In the first reading, we read of ‘Jerusalem’ and how God calls her to “take off your robe of mourning and misery” and “put on the splendor of glory from God forever.” Jerusalem represents the people of God (2 Chronicles 6:6, Zechariah 1:16). In our case, the Church (Romans 12:5). We are called by God to remove all that holds us down and brings mourning and misery; namely, sin. Sin causes all kinds of problems (Romans 6:23, 1 John 3:4). Sin brings about fights which cause tension and discord (Isaiah 59:2, Romans 16:17). Sin brings about divorce which hurts love and children. Sin brings about fanaticism which brings about death and mourning via terrorism. Sin brings lust to relationships which brings misery and broken hearts. In a word, sin is bad. There is nothing good about it.
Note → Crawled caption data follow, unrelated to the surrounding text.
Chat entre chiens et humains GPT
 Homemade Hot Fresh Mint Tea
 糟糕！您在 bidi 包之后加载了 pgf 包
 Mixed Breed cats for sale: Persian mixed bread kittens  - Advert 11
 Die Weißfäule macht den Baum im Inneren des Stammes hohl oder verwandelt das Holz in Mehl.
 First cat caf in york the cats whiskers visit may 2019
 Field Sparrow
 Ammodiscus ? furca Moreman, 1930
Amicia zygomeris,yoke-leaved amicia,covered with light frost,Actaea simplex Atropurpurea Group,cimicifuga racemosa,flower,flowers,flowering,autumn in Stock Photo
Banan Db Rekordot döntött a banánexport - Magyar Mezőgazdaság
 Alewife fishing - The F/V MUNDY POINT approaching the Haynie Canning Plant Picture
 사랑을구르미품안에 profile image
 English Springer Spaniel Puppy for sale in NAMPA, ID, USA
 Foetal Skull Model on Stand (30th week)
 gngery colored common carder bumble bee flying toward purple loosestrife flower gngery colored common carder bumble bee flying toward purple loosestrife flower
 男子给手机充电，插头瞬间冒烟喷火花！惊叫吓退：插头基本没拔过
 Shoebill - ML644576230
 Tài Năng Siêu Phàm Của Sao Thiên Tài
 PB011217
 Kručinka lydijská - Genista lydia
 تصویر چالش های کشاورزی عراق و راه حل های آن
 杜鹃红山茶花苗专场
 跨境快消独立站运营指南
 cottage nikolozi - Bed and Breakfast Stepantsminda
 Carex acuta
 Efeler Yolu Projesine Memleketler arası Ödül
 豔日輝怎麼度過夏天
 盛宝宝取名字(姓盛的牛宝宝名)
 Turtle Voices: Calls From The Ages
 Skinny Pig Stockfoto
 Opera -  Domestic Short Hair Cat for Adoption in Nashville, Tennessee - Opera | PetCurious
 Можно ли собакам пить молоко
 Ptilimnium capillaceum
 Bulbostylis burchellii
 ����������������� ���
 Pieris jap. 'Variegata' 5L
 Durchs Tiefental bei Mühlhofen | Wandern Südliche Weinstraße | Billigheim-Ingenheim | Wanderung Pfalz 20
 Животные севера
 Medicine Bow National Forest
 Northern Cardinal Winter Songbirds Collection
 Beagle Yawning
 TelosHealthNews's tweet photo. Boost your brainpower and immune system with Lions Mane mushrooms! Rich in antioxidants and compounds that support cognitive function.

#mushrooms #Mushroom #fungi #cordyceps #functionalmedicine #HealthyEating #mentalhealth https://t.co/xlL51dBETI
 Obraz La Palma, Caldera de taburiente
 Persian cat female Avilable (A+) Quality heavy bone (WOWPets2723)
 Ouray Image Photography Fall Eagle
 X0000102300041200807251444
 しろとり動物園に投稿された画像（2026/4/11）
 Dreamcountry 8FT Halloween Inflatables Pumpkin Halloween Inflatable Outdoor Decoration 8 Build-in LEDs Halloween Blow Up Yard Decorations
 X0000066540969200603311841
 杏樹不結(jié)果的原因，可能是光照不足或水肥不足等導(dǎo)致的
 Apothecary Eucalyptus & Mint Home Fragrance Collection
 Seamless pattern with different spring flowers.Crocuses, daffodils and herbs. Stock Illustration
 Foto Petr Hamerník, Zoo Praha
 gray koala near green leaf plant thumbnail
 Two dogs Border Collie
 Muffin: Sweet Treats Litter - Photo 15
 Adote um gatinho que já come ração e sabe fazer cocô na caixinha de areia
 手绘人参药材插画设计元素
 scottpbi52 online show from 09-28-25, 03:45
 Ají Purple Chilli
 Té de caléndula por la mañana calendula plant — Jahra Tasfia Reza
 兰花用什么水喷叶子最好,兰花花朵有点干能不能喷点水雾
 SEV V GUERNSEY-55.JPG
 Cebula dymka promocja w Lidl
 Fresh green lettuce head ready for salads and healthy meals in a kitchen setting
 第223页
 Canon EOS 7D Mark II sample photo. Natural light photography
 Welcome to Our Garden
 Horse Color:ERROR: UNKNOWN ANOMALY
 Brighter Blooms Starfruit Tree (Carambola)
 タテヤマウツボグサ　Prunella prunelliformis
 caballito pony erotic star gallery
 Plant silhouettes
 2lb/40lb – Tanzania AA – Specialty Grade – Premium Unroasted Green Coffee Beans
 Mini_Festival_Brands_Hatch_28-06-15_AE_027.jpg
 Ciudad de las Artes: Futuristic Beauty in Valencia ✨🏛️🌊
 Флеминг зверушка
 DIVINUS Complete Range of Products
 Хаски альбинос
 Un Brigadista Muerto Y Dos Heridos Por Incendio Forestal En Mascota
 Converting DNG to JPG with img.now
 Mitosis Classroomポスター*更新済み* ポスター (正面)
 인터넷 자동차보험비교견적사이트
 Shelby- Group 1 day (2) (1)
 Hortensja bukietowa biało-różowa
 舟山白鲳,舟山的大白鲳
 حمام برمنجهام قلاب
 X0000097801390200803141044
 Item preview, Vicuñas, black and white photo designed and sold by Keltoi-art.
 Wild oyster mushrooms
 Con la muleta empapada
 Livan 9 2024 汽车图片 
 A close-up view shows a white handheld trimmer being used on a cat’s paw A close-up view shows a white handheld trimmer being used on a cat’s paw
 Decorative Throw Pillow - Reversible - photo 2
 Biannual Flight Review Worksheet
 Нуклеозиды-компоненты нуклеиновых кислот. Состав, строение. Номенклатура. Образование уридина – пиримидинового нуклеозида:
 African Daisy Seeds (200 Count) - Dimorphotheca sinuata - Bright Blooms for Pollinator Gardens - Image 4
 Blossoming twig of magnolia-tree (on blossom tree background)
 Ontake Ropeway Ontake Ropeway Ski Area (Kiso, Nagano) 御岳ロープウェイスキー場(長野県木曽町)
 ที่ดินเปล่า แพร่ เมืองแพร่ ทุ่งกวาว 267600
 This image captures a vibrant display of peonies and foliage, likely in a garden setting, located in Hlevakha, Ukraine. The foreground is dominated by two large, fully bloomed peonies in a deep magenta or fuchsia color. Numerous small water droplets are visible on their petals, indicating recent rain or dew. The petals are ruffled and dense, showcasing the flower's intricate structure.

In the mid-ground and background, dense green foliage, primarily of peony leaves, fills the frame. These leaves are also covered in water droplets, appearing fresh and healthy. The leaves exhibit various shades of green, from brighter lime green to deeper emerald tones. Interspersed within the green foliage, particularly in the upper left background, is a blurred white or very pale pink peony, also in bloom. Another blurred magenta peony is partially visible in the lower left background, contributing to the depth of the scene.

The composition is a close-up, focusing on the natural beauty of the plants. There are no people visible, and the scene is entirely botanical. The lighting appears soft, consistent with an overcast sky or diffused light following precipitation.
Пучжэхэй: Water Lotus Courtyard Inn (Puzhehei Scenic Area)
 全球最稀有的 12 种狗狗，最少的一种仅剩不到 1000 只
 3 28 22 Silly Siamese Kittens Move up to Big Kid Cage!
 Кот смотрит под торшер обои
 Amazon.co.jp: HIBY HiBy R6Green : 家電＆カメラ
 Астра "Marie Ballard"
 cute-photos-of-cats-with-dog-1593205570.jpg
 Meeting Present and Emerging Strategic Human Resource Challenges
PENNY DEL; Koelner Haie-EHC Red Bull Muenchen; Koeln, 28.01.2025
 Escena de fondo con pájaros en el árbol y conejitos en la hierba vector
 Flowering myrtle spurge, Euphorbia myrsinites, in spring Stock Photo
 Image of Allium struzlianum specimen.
We must remove it and replace it with “God’s splendor.” We have to “Put on a new self” (Colossians 3:10, Ephesians 4:24).  God will secure us with His light of glory.  His mercy and justice will accompany us as the reading tells us in the ending. We know what God is capable of. You reading this would not be here reading now if you were not a believer of God and became one because you saw God in your life. In response, we must be filled with joy at God’s marvels as the Psalm for today tells us.’

The Psalm today reminds us of joy in God after God has rescued us. Israel suffered greatly. Jerusalem was conquered. However, God did not abandon His people (Deuteronomy 31:6). He was always there and brought them back to the promised land. Joy immediately returned to the people. The people saw how God truly cared for them and did not let their enemies triumph (Isaiah 40:11, Psalm 41:11). We too, today, must recall how God has rescued us in our lives. How He restored our fortunes and wiped the tears from our eyes (Revelation 21:4). In response, we pray and grow in faith as the second reading tells us.

In the second reading, we are reminded that God begins the “good work” in us and will complete it in anticipation for the day of Christ Jesus (Matthew 13:1-23). This is Advent in a nutshell, so to speak. God began His work in us. We allow this work to take hold as we become more receptive to God via the Sacraments. Advent is a period of preparing and waiting. We must let love increase in us as the reading states and be able to discern every perception to see if it has value or not (1 Thessalonians 5:21). This will ensure us that we stand blameless before Christ on the day of Christ.  This day of course refers to the last day when Christ returns to judge the living and the dead (2 Timothy 4:1).  We must make use of the Sacrament of Reconciliation during this time as we prepare. We must heed the call of repentance as we read in the Gospel today.

The Gospel starts by telling us of what was going on prior to Christ’s birth.  We are told of those who were the political and religious leaders of the time.  This information is meant to give some historical perspective by telling us of the timeline. Next, we are told of John, the son of Zechariah who is in the desert and receives the word of God. Immediately, he goes about the region telling people to repent and be baptized. This fulfills the prophesy of Isaiah who wrote:

“A voice of one crying out in the desert:

“Prepare the way of the Lord, make straight his paths.Every valley shall be filled and every mountain and hill shall be made low. The winding roads shall be made straight, and the rough ways made smooth, and all flesh shall see the salvation of God.”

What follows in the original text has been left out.